> [WHAT THIS TASK INVOLVES] Any picture in the listing is left out of the copy; all else is duplicated exactly.

> [EXERCISE DATA]
=== Section Start ===

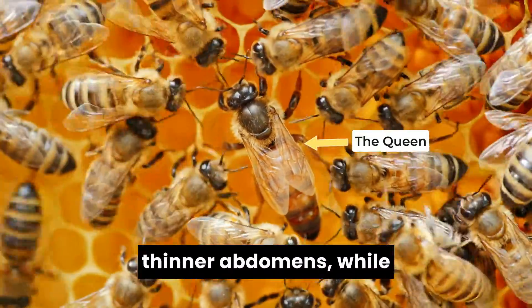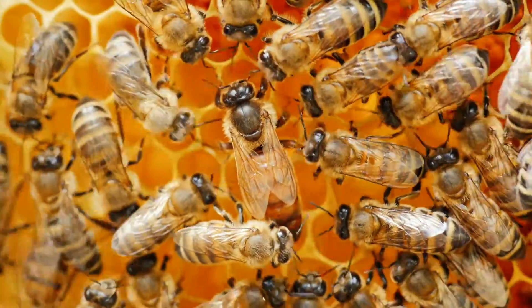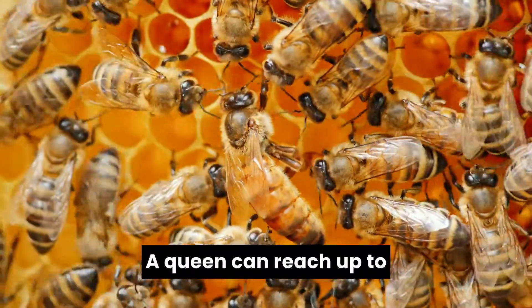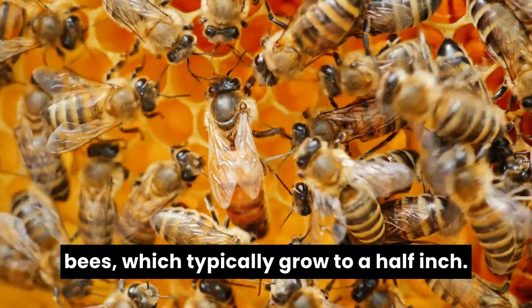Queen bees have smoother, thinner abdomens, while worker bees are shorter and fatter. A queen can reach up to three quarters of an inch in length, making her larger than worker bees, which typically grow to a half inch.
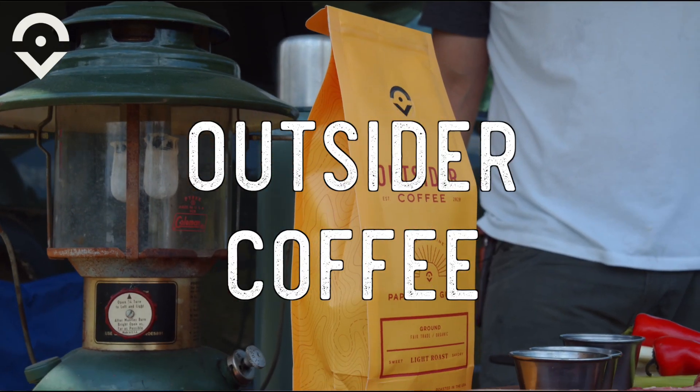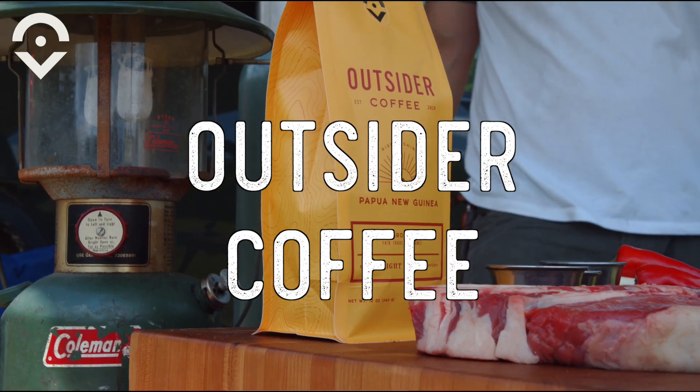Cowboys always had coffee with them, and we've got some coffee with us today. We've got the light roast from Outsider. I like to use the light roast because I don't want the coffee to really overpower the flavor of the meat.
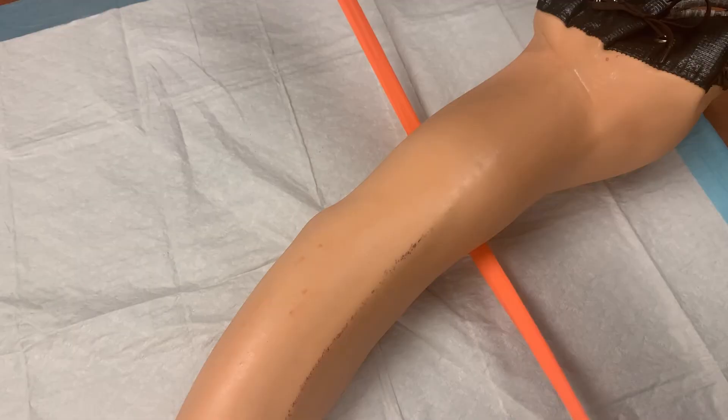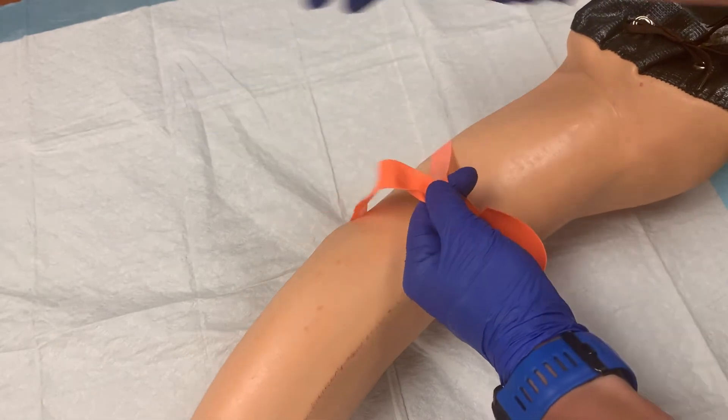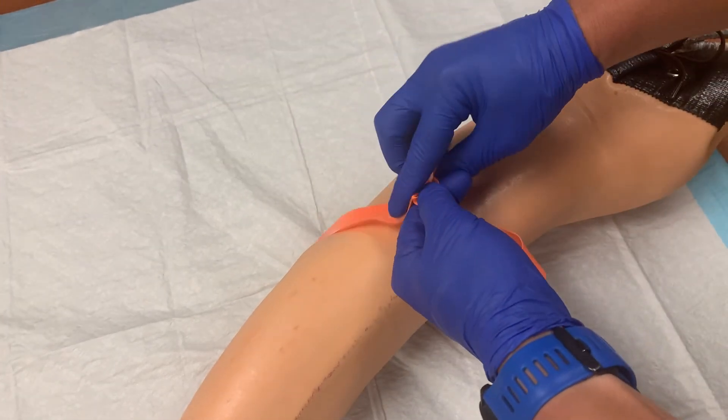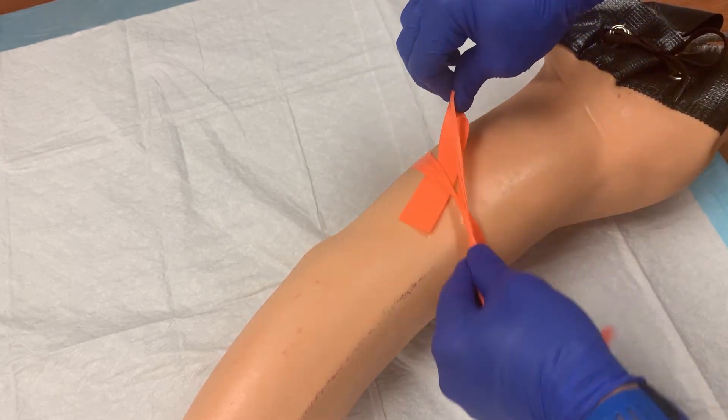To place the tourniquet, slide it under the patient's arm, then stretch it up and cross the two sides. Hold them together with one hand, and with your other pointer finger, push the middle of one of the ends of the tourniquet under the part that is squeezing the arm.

=== Section End ===

> [RESULT BELOW]
Queen bees have smoother, thinner abdomens, while worker bees are shorter and fatter. A queen can reach up to three quarters of an inch in length, making her larger than worker bees, which typically grow to a half inch.
Cowboys always had coffee with them, and we've got some coffee with us today. We've got the light roast from Outsider. I like to use the light roast because I don't want the coffee to really overpower the flavor of the meat.
To place the tourniquet, slide it under the patient's arm, then stretch it up and cross the two sides. Hold them together with one hand, and with your other pointer finger, push the middle of one of the ends of the tourniquet under the part that is squeezing the arm.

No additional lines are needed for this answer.